▸ Exercise instructions
Take the records below and set down exactly the lines from the one with "300 stück texas" to the one with "Máquina lava e seca Electrolux 15kg", ends included; do not copy the pictures.

▸ Data supplied
────────

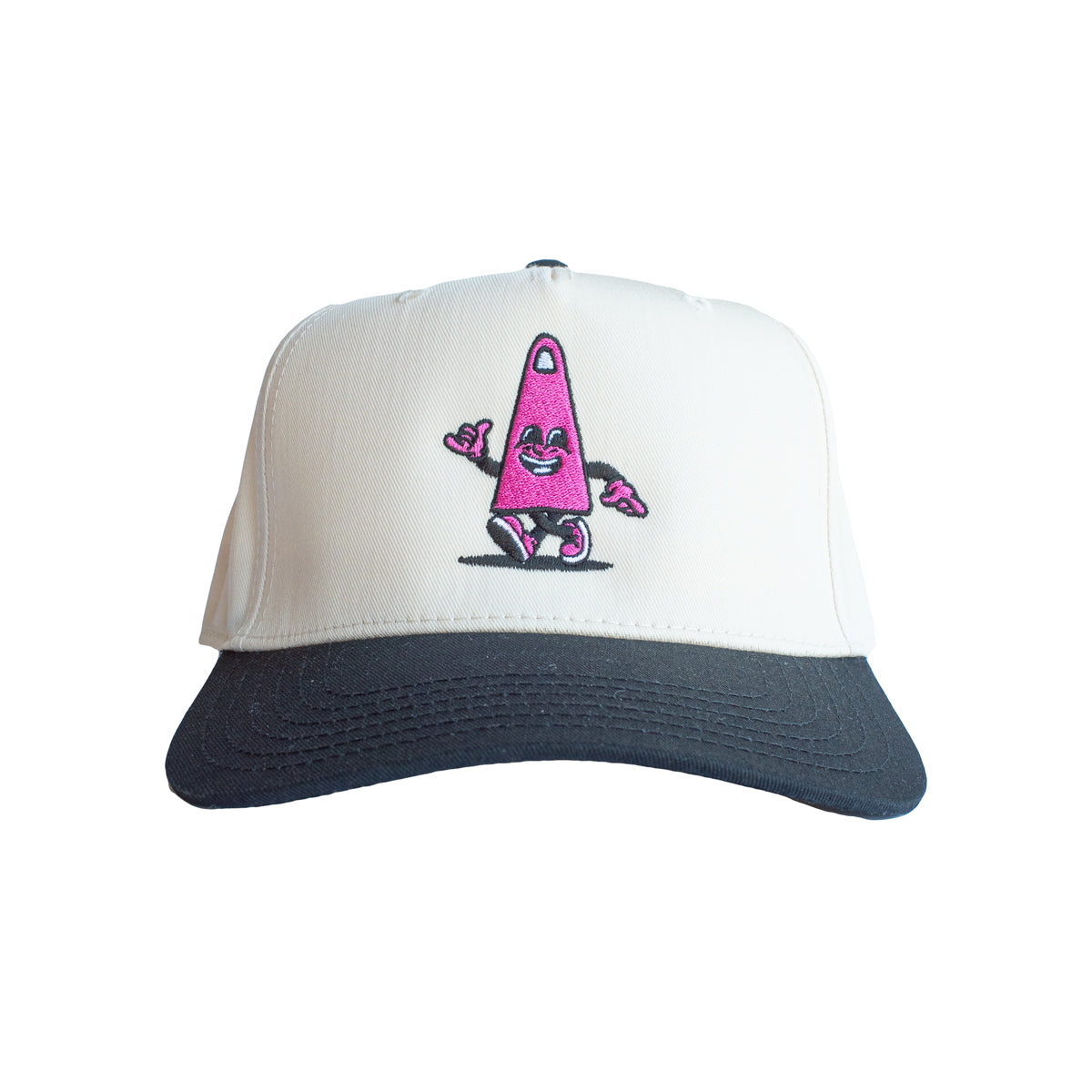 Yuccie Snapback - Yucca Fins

────────

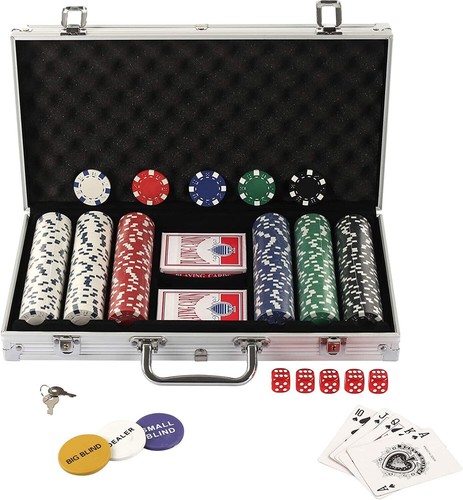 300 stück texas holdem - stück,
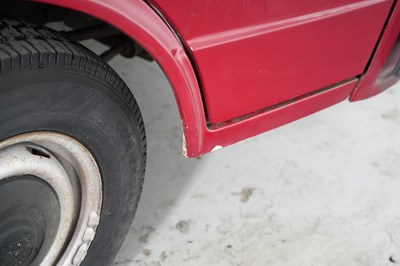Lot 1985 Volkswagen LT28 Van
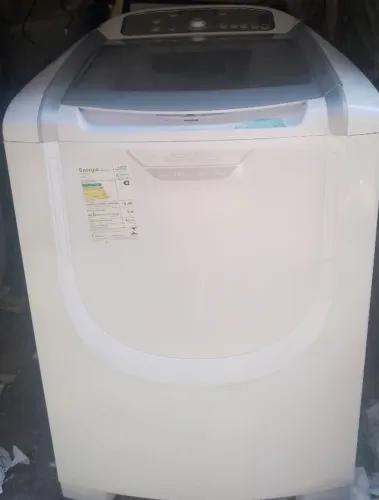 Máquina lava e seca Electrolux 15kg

────────

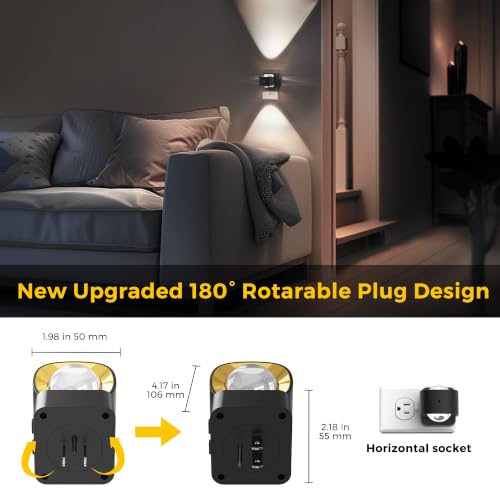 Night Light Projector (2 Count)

────────

▸ Result of this task
 300 stück texas holdem - stück,
Lot 1985 Volkswagen LT28 Van
 Máquina lava e seca Electrolux 15kg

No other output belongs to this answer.